Business is well acquainted with crises that include a wide and ever-expanding range of events. These can include extortions, executive kidnappings, product recalls, industrial sabotage, copyright infringement, theft of proprietary information, work-related homicides, workplace bombings, terrorist attacks and natural and man-made disasters. Regular daily operations no longer exist in organizations dealing with crises. Of most importance, however, is that crises can disrupt the perceptions of people in key leadership positions, causing them self-doubt and stress. The result is often the wrong decisions being made at the wrong time.
The Institute for Crisis Management (ICM) provides an annual detailed analysis of major crises, primarily those described in the news media that relate to management. In 2009, ICM states the majority (51 percent) of the crises reported were “management-related.” This suggests that managers and directors of organizations are doing a poor job of leading organizations through crises successfully, despite evidence that the repercussions of such crises may be severe.
Crisis Management Teams
Crisis management is the systematic way in which members of an organization, in conjunction with external stakeholders, work to avoid potential crises and to minimize and resolve those that do occur. Some organizations have specific crisis management teams to deal with any organizational crisis. Other organizations rely on the senior executive team to handle such situations.

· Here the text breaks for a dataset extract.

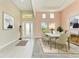Bright dining room with a spacious table and chairs, hardwood floors, and natural light at 1810 5Th E St, Palmetto, FL 34221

With either structure, the individuals involved must be capable of doing the job. They must be flexible and adaptable to continually changing conditions. They must be willing to listen to others and to share their own thoughts and ideas. They must be comfortable working in high-stress situations. The team must also be capable of responding quickly, decisively and effectively.

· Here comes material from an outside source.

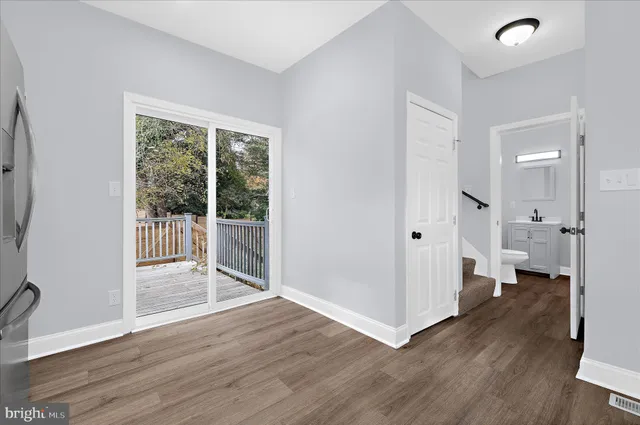 a view of a entrance and room with wooden floor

As the three examples below indicate, some individuals and management teams are successful in identifying and mitigating potential crises, while others fall far short.

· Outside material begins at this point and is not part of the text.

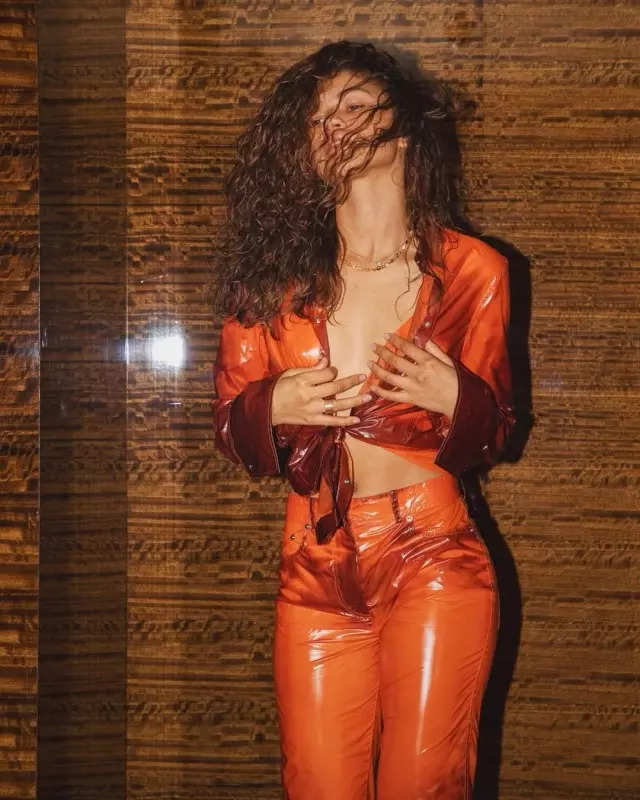 Zendaya looks fiery in an orange leather co-ord set and the internet can't keep calm, see pictures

EXAMPLE #1 Morgan Stanley: Responding to Crisis:
In addressing a Harvard Business School audience, Robert Scott, then president and CEO of Morgan Stanley Group Inc., recounted his leadership team experience during the World Trade Center attacks on Sept. 11, 2001. However, he cited several factors that allowed the company — then the largest tenant in the World Trade Center buildings — to survive the disaster. Those factors included the company disaster contingency plan and well-trained managers.
Following the 1993 terrorist attack on the World Trade Center, Morgan Stanley had developed an evacuation and contingency plans for relocating its offices and creating a command center to continue operations. Because of those plans and the time leaders in charge of operations had spent drilling in implementation of those plans, Morgan Stanley evacuated its staff from the towers in the 20 minutes between attacks. By the time the second plane dove into what had been the company’s retail security department, employees had already been evacuated.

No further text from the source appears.